Firstly data is generated in multiple types which includes semi-structured data, unstructured data, and structured data. This is collectively processed by big data and it gets converted to well organized structured data. This data helps in understanding the existing performance of the organization progress and thereby framing new goals for further enhancements and business developments.
How big data helps organizations?
Segmentation of tasks makes it easy to obtain a productive outcome.
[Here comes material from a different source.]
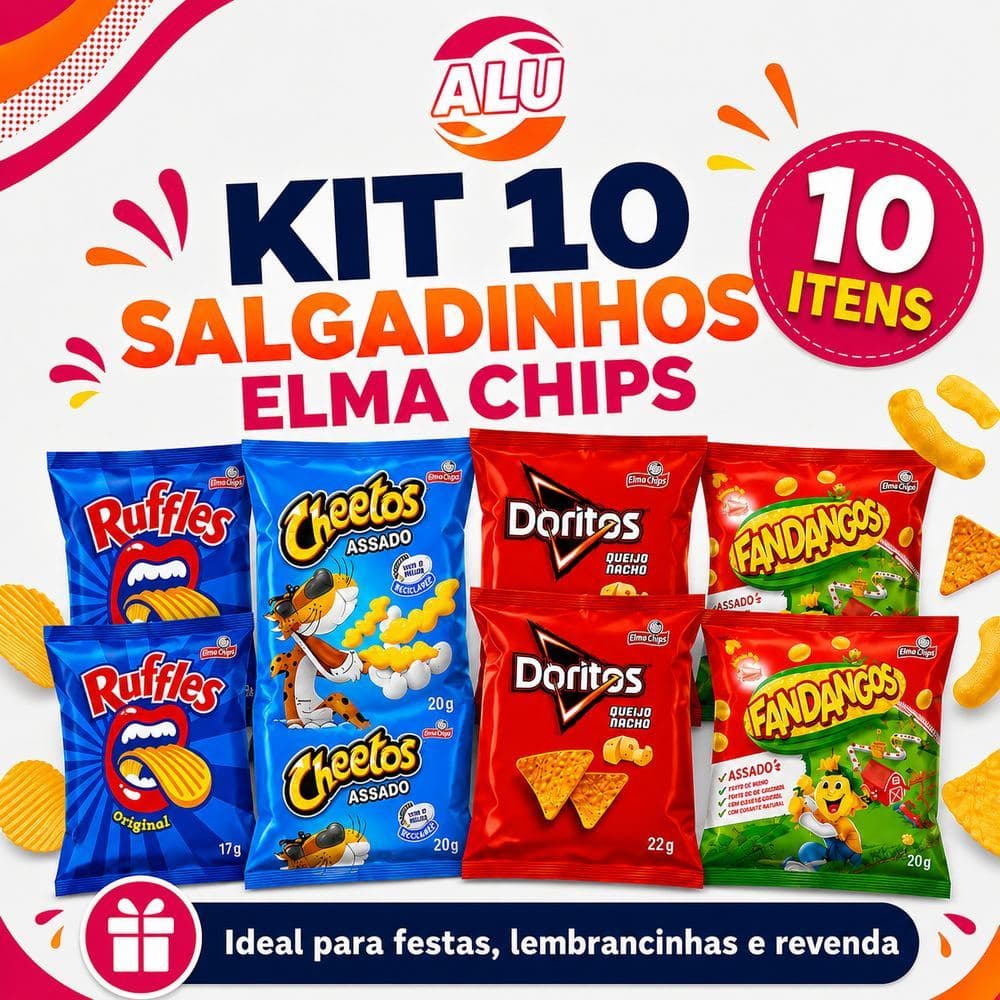 Kit 10 Salgadinhos Sortidos Elma Chips Doritos Cheetos Ruffles Fandangos Festa Lanche Lembrancinha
This is what every organization try to implement, and the same is with the case of applying Big Data.
Following are the different phases of using Big Data, that will focus on effective utilization of big data and how data creates value for an organization.
1. Visibility :
Making big data accessible in a timely fashion to relevant stakeholders create a tremendous amount of value.
Use case: Food Processing Unit
We have a food processing unit, which has three departments, say manufacturing, engineering, and R&D departments spread worldwide. If the data is accessible to all the departments, then it reduces processing time but also helps in improving the quality of the product.
2. Analyzing and Discovering information
Most of the organization rely on external sources for analytics, so that organization can easily understand current trends in the market, and they can schedule further enhancements. It leads to increase in delivering qualitative services with customer satisfaction thereby adds value to the organization profits.
Use case: eCommerce
Usually, eCommerce websites like Amazon, Flipkart, Zomato, FoodPanda rely their business on advanced analytics processing big data.
Let’s see how these advancements are impacting eCommerce landscape.
Have you ever wondered watching your favorite products you’ve browsed or searched for appearing on different platforms like Facebook, Google, and Twitter?
How do they follow you?
It’s only just because of advanced big data analytics. Here big data helps retailers to the target audience with appropriate alerts based on their previous engagements with an application.
3. Segmentation and customization :
The big data enables organizations in creating highly specific segmentation and, tailored products and services to meet their needs. This can also be used in the social sector to accurately segment populations and target benefit schemes targeted to specific needs. Segmentation of customers based on various parameters can aid to target marketing campaigns and tailoring of products to suit the needs of customers.
4. Aid decision making :
In the fast-changing world, to sustain the competition, organizations need to react faster to market changes. To obtain this, the marketing team need to predict and analyze existing marketing trends according to the competition. Here big data analytics can greatly improve the decision-making process. Automated Fraud Alert system in credit card processing to an automatic fine-tuning of inventory are examples of systems which aid or automate decision making based on Big Data Analytics.
Big data needs changes in both qualitative and quantitative aspects. New technologies need to adopt these changes and have to process data that can deliver balanced quality and quantity thereby enhancing organizational progress. With the kind of innovations carried out in the world of technology, we anticipate an equal number of chances to misuse technology as well.
Big data has got its potential spread into healthcare and have proven its outstanding abilities in delivering qualitative services. The same kind of response can be expected from other industries as well. As a matter of data/information, one has to take care of securing the data as this can lead to massive loss once unauthorized access is granted to any part of the data.